Despite initial difficulties and operational errors, the minority self-government model has produced some reassuring values and results. In terms of the future, one important experience is that the minority self-governing bodies are most successful in areas where their activities are based on civil organization, and on minority activities that existed earlier. Positive experiences show that the minority self-government system has contributed to the consolidation of national and ethnic minorities and enlivened the minorities’ community life. The ability of the Gypsy population to enforce its interests has clearly improved. The operation of Gypsy minority self-governments promotes the social integration of the Gypsy population and regular dialogue and co-operation between the Roma and non-Roma population.

Over the past few years the minority self-government system has shown that it is a viable and effective way of enforcing interests, and assuring the participation of minorities in local and national issues affecting them. Those who belong to a minority have started accepting their identity with a greater degree of awareness and openness. This is reflected in the census data of 2001. In 1990 142,683 people claimed to be Gypsy while a decade later this figure reached 189,984, although this is still well below the estimated actual size of the Gypsy population. The answers given to questions first posed in 2001 about language use and attachment to cultural values also confirm acceptance of identity by the Roma, with some 50,000 having designated a Gypsy language (Romany or Beas) as their native language in the 2001 census, and 130,000 having declared commitment to the Roma cultural values and traditions.

An important legal regulation directly affecting the position of the Gypsy population in Hungary is Act LXXIX of 1993 on Public Education, which was amended in 1996 and 2003 to provide the national and local minority self-governing bodies with the opportunity of founding and maintaining educational institutions, and which defined the fight against segregation in schools as an objective. Act LIX of 1993 on the Parliamentary Commissioner for National and Ethnic Minority Rights is a law of particular significance for the Gypsy population. It is the responsibility of the minorities' ombudsman, as defined in the Constitution, to investigate or ensure the investigation of any abuses of constitutional rights brought to his/her attention, and to initiate general or individual measures to remedy such abuse. Based on the events of recent years and the ombudsman's parliamentary reports, we can conclude that the establishment of the institution was justified. Such activity is important for a state founded on the rule of law.

Following the establishment of the minorities' institutional system in 1995, individual and experimental programmes launched with the support of government agencies and Hungarian and international civil organisations, such as the establishment of the Gandhi Secondary School in Pécs, which has acquired an international reputation, were replaced by specific governmental programs seeking to resolve the deteriorating position of the Gypsy population. The Roma policy of the governments since the social and political changes has been characterised in part by efforts to promote social integration and to resolve the social problems arising from deprivation, and partly by particular emphasis on preserving the identity, cultural values and language of the Gypsy population.
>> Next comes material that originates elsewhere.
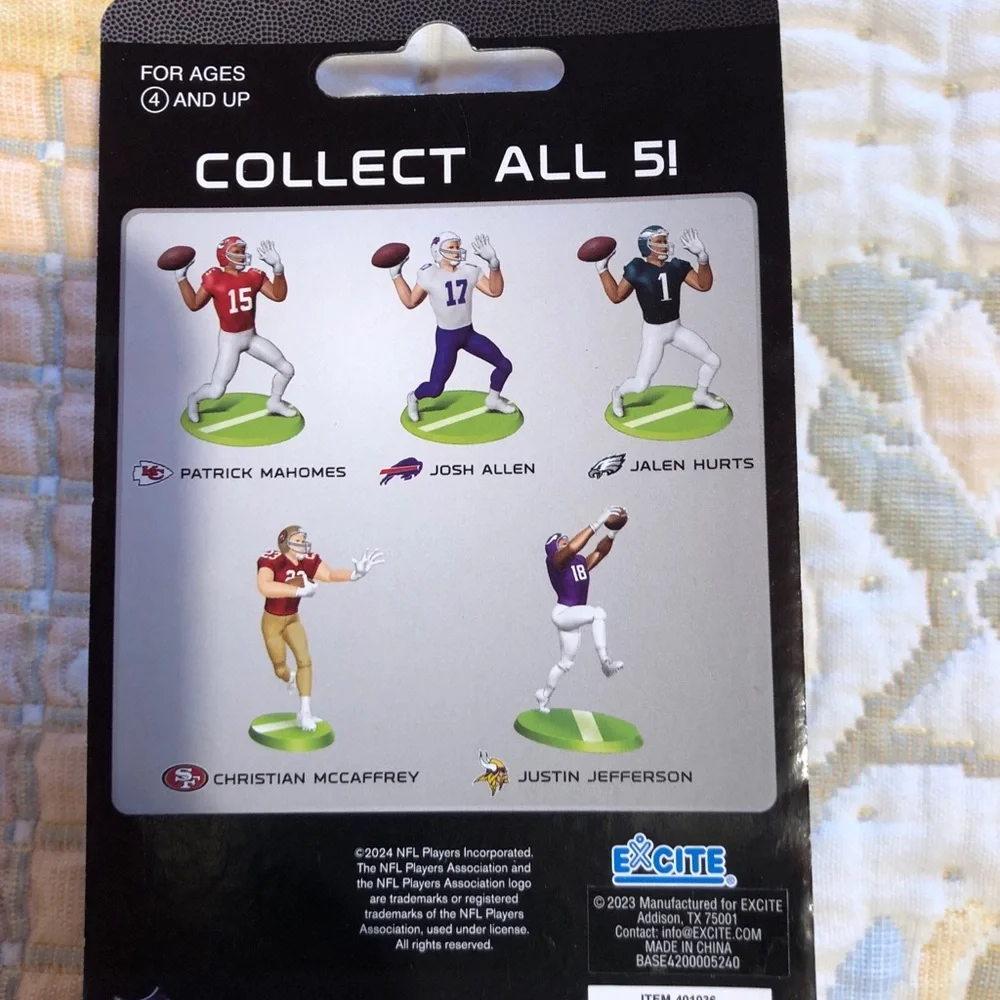 NFL Excite Series 1 Collectible 2.5" Mini Figure CHRISTIAN MCCAFFREY - NEW - Picture 5 of 6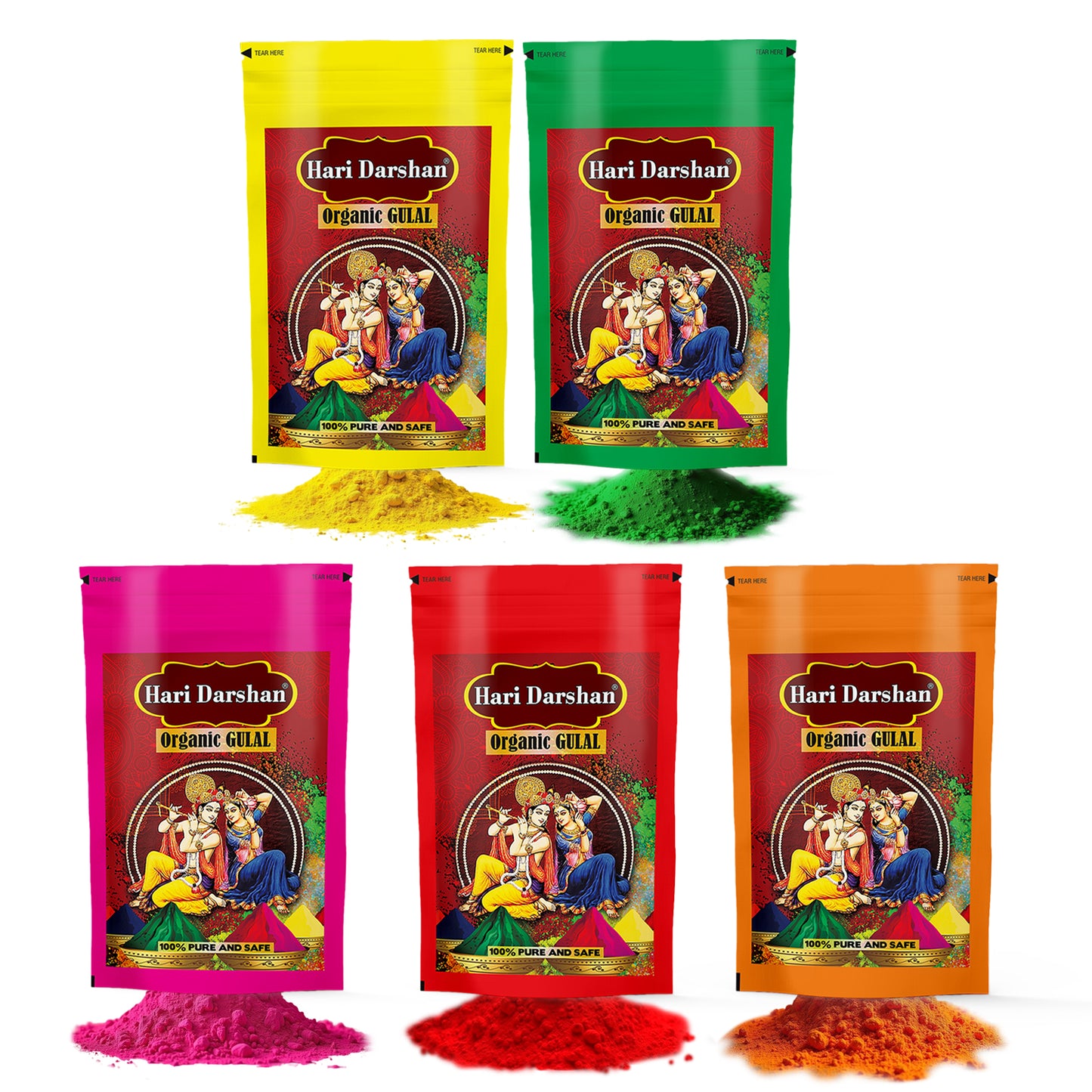 Organic Gulal - Five Pack of Assorted Colors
The short-term program adopted in 1995 defined the requirement to draw up a medium-term program to provide additional governmental funds through a comprehensive approach. The government set up the Gypsy Affairs Coordination Council and created the Public Foundation for Gypsies in Hungary, which is still in operation today with the objective of coordinating the work of ministries and agencies with nationwide powers, and of supporting efforts to promote equal opportunities. Based on resolutions issued in 1995 the first medium-term package of measures [Government Decree 1093/1997] reviewed and specified the necessary tasks for social integration of the Gypsy population. This contained measures to be implemented in 1997 and 1998, including in the area of education and culture, further developments in child protection and tuition fees' subsidy, prevention of educational segregation, further development and expansion of regional programs to nurture talent (e.g. the Gandhi Secondary School and College), and the establishment of colleges to nurture talent. In order to improve employment and living conditions, measures were taken to demolish substandard Gypsy settlements, to develop employment programs or extend existing programs, integrate Gypsy students into the specialist-training scheme, and support agricultural activities. In the social field, the government set up a crisis management, so-called 'vis major' fund, and launched comprehensive crisis management programs in settlements where disadvantaged strata, including the Gypsy population, represent a significant share of the population.

In the context of action against discrimination, awareness of the Gypsy population has been built into police training. The second part of the package of measures set out the principles for tasks to be determined later. This relates to tasks such as promoting higher education studies for Gypsy students, the requirement to support cultural institutions, defining the role of minority self-governments in fighting unemployment, extending the network of screening and care to improve the state of health of the Gypsy population, supporting offices protecting rights and developing a realistic Gypsy image in the public service media.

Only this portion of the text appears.